Most helpful positive review
15 of 16 people found the following review helpful
on March 6, 2011
This new book by Gregg Herren is aimed at the young adult market and not unexpectedly contains the sentiments one might associate with TV's once popular After School Specials. Writing for a PG 13 audience today can be tricky given the fare available on premier cable channels. The high school junior's in Sleeping Angel, some of whom have been intimate since eighth grade, speak a sanitized English that few young people do among themselves. Only one "f-bomb" is dropped and that is italicized. While the author uses appropriate cultural references --- iPods and Lady Gaga -- the highschoolers never convince you they're using their own voices.
The novel is interesting for other, more important reasons. Eric Matthews, a youth with amnesia in the wake of a car accident, is suspected of the murder of the former friend found shot to death in the backseat. As he slowly regains his memory in the subsequent weeks he is surprised to learn that the person he had been was quite different from the one he assumed he was. Why was he even in the car with the victim, Sean, who was clearly gay and had been constantly bullied at school. The fact that the large cast of adult and teenage characters are evenly divided between gay friendlies and homophobes makes two things clear: We have come a long way as a nation, and we have a long way yet to go.
Most important, I think, for the book's audience is the point that bullies rarely see themselves as such. They may be seeking peer approval, covering insecurities, or simply trying to win a cheap laugh at someone else's expensive. They aren't empathetically aware of the hurt they inflict or the cruelty of their words and actions.

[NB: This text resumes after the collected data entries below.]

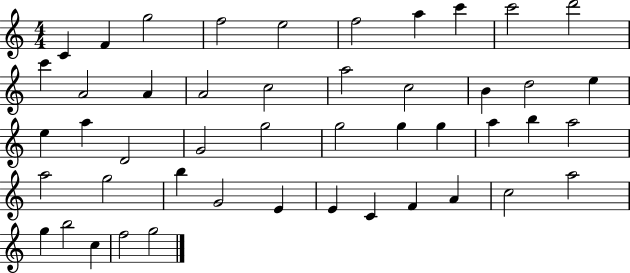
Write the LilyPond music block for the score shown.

{
  \clef treble
  \numericTimeSignature
  \time 4/4
  \key c \major
  c'4 f'4 g''2 | f''2 e''2 | f''2 a''4 c'''4 | c'''2 d'''2 | \break c'''4 a'2 a'4 | a'2 c''2 | a''2 c''2 | b'4 d''2 e''4 | \break e''4 a''4 d'2 | g'2 g''2 | g''2 g''4 g''4 | a''4 b''4 a''2 | \break a''2 g''2 | b''4 g'2 e'4 | e'4 c'4 f'4 a'4 | c''2 a''2 | \break g''4 b''2 c''4 | f''2 g''2 | \bar "|."
}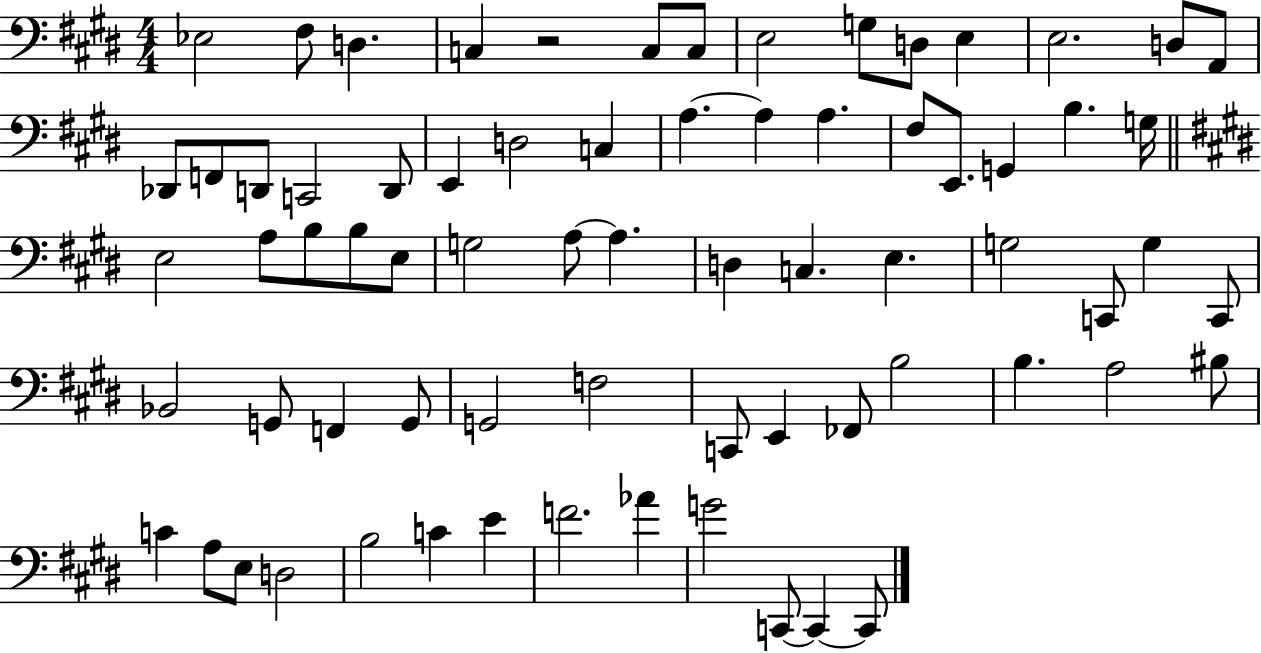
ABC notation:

X:1
T:Untitled
M:4/4
L:1/4
K:E
_E,2 ^F,/2 D, C, z2 C,/2 C,/2 E,2 G,/2 D,/2 E, E,2 D,/2 A,,/2 _D,,/2 F,,/2 D,,/2 C,,2 D,,/2 E,, D,2 C, A, A, A, ^F,/2 E,,/2 G,, B, G,/4 E,2 A,/2 B,/2 B,/2 E,/2 G,2 A,/2 A, D, C, E, G,2 C,,/2 G, C,,/2 _B,,2 G,,/2 F,, G,,/2 G,,2 F,2 C,,/2 E,, _F,,/2 B,2 B, A,2 ^B,/2 C A,/2 E,/2 D,2 B,2 C E F2 _A G2 C,,/2 C,, C,,/2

Mr. Herren is noted for his New Orleans mystery series, so I anticipated a real puzzler, but from the villain's first appearance there was little room for surprise. There is also a sub-plot involving mind reading, which was unnecessary to the story and went nowhere. I assume it was added to capitalize on the recent popularity of paranormal themes with young readers.
Bottom line: If it makes just a few bullies take a look at their own behavior and see it for it is the book could be a life saver.